Life

My Husband Is a Good Man. But at Home, He Acts Like a Clueless Intern.

He's not alone — and it needs to stop.

by Liza Monroy
Updated: 
Originally Published: 
A man in a black shirt scratching his head while looking at an open fridge

My liquefied brain is leaking out my nipples. This is the only reasonable explanation for how I feel postpartum. I’m breastfeeding the newborn on the couch as my 3-year-old rips through the living room screaming “Chaos! Chaos! Chaos!” — a war cry she refashioned from my protestations. She shreds magazines and scatters the detritus as my husband, father to these two tiny humans, unloads the dishwasher.

“Hey love,” he calls out. “Where does this go?”

“What is ‘this’?” I inquire forcefully. “I can’t even see what you’re talking about.”

He pops out from around the doorway wearing the Steven Universe T-shirt I gave him for our anniversary — I find him winning even when I feel like I’m losing — holding a spatula.

“Where do you keep it?” he asks.

“Where do I keep it? Where do you think it should go?”

While my outside appearance is demure, I’m tempted to tell him where he can actually put it. It drives me insane that he thinks it’s my job to know, but what bothers me even more is my own role in fostering this frustrating cycle of dependency. I worry that while I’m trying to raise decisive, independent kids, I’m inadvertently encouraging my partner’s infuriating tendency to cast me as household CEO. And I resent myself just as much for continuing to play into it.

Other than this, our relationship is pretty egalitarian — we have careers, we co-parent, we share responsibilities as much as possible — but when it comes to household management and scheduling, my husband, a considerate special-ed teacher, seems forgetful and even lazy, as if he’s the lackadaisical intern to my executive.

This leads to what I will call “The Cycle”: He asks me where stuff goes, I get frustrated at being assumed boss of domestic territory — and frustration builds. Like many mothers, I get tired of carrying the “mental load.” I resent the notion that it’s my job to not only know where the spatula goes but also to decide it goes in the drawer to the left of the stove.

My husband says he’s just trying to be respectful. He says he asks not because he thinks I should be in charge of everything around the house, but because he is particular about where he wants the things he uses frequently to go, that if our roles were reversed, he would simply say, “It goes on the top shelf of the pantry.”

It casts the issue in a different light, but shadows remain: His belief that asking me what goes where about cookware and baby clothes is unrelated to traditional gender roles buttresses his argument that I’m seeing something that isn’t there. My husband, who also owns and proudly wears a t-shirt reading, “This is What a Feminist Looks Like,” seems to overlook the fact that he still treats details as “women’s work.” He doesn’t have the nanny’s phone number. He’s coordinated a play date exactly once (I was out of town). He’ll ask me if we are out of milk as he’s staring into the refrigerator, checking for milk. (Do you see milk in there?! DO YOU? SEE? MILK?)

He should know when the pediatrician’s appointments are, which days the kid is in preschool, and where to find the Pyrex baking dish, even if he has to open his notes app to recall. He doesn’t. I love him, but this strikes me as the strongest argument against my affections.

It reminds me of the reason he says he doesn’t plan surprise date nights: He’d rather discuss potential plans and settle on something I will definitely like. But here’s the thing: What I’d like is to know that he’s competent enough to make a plausible plan. Or, barring that, to try.

What’s the answer? Unload the mental load on robots, maybe one of those high-tech refrigerators that will text us when we’re out of milk?

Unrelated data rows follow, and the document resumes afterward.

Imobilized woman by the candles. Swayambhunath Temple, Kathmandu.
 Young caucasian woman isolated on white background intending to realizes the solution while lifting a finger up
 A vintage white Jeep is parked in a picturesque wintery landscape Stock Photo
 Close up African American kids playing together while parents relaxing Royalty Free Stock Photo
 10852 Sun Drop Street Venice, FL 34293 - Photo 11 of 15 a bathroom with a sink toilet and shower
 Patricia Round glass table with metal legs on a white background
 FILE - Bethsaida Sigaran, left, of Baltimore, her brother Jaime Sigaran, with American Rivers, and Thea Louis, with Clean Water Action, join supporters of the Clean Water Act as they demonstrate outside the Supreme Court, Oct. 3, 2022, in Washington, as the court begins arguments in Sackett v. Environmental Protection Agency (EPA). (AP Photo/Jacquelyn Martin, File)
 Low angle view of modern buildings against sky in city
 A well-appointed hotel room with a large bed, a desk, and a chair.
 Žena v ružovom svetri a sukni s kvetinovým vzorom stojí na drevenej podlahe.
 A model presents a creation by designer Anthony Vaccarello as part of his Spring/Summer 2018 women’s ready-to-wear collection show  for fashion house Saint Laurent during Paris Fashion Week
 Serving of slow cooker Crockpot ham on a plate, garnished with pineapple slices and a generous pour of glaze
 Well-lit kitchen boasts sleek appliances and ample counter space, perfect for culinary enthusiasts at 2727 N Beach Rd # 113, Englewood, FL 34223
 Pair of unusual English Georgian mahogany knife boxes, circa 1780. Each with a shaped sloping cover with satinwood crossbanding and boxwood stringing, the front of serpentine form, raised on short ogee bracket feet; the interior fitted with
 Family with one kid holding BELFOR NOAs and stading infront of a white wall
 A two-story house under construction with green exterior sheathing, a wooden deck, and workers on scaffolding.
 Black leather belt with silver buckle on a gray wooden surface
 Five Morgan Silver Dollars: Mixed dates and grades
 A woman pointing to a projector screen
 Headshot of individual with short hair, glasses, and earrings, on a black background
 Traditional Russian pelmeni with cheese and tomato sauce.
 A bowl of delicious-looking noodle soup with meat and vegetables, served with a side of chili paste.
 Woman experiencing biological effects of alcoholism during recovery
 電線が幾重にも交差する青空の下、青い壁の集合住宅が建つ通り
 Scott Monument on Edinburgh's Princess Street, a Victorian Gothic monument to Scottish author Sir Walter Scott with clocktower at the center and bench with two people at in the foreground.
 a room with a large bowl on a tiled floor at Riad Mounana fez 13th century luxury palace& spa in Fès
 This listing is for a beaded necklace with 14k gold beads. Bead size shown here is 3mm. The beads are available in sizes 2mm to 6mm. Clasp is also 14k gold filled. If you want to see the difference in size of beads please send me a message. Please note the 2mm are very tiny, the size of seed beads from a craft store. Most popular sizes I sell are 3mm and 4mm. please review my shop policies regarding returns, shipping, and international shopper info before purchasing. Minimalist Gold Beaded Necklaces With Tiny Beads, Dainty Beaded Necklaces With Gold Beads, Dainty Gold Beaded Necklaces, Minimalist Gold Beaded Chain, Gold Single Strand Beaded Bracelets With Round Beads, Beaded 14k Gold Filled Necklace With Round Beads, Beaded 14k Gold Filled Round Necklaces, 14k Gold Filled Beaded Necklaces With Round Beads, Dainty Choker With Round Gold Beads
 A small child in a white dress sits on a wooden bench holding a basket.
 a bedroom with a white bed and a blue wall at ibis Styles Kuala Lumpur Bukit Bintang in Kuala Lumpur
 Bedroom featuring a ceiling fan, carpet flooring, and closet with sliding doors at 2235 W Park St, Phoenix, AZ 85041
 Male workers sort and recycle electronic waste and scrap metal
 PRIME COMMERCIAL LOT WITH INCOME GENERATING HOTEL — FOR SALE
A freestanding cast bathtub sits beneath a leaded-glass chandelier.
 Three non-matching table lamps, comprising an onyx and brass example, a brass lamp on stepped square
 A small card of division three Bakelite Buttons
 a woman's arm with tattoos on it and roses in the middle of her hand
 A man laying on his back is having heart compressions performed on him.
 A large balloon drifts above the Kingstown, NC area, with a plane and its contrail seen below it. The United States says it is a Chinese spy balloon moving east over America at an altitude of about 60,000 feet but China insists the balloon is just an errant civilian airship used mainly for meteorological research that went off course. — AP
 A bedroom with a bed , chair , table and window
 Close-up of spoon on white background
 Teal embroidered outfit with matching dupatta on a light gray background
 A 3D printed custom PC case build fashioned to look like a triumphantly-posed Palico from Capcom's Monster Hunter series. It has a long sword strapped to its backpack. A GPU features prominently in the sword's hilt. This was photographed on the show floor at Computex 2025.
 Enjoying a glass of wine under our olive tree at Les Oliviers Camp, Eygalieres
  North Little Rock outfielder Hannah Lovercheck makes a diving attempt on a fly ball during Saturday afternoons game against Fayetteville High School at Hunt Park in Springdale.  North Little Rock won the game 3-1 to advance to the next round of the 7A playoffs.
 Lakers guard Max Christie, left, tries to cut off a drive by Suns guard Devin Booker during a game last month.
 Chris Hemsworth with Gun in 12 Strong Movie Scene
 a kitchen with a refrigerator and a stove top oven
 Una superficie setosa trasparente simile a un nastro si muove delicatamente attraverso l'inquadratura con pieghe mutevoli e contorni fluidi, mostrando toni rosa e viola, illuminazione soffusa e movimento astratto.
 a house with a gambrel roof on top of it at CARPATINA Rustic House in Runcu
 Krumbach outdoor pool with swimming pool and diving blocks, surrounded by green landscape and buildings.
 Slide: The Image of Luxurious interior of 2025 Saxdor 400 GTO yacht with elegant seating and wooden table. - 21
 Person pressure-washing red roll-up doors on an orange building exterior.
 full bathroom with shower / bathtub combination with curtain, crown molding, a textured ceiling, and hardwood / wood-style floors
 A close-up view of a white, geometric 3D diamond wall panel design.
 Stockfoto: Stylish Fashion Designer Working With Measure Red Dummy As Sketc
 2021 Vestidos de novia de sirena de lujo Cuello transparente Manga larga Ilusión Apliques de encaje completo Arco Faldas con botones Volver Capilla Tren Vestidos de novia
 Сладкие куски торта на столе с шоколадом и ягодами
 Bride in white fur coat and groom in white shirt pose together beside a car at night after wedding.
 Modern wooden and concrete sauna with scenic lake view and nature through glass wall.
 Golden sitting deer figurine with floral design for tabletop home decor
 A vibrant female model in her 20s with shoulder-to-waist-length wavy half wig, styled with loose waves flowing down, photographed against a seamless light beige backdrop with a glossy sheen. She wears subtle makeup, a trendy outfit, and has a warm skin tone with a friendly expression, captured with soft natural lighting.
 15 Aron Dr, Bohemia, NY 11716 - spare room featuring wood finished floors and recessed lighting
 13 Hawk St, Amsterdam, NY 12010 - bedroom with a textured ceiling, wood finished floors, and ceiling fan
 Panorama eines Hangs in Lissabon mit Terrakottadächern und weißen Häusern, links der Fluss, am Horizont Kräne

A few weeks ago, a friend and mother of three came over. As she fed her four-month-old, her husband wordlessly handed her a glass of water. He always does, she mentioned, because he knows that breastfeeding makes her parched. “They can be trained,” she said.

It wasn’t lost on me that she was talking about her husband as though he was a terrier. But I also understood why. It felt like he’d learned a trick. Specifically, it felt like he’d learned a trick that my husband had not. He had learned to take initiative. I wondered, in that moment, if I might have trained my husband not to do that — if, in providing answers readily, I had relieved him of the impulse to solve problems on his own.

But I don’t think that’s what happened. What I think happened is that my husband began to equate diffidence and respect and continued to do so because it was convenient for him. I’m sure it didn’t happen consciously. He’s not a Machiavellian man and I know he loves me. But he’s also not helping me shoulder the load.

So the next time my husband asks me where to put the spatula, I won’t tell him. He’ll put it where he puts it and if I have to dig around in some drawers before I can fry an egg, I’ll know it’s a small inconvenience in service of him climbing our household corporate ladder. Eventually, we’ll have a home without interns or CEOs, one we truly run together —in organization and in chaos.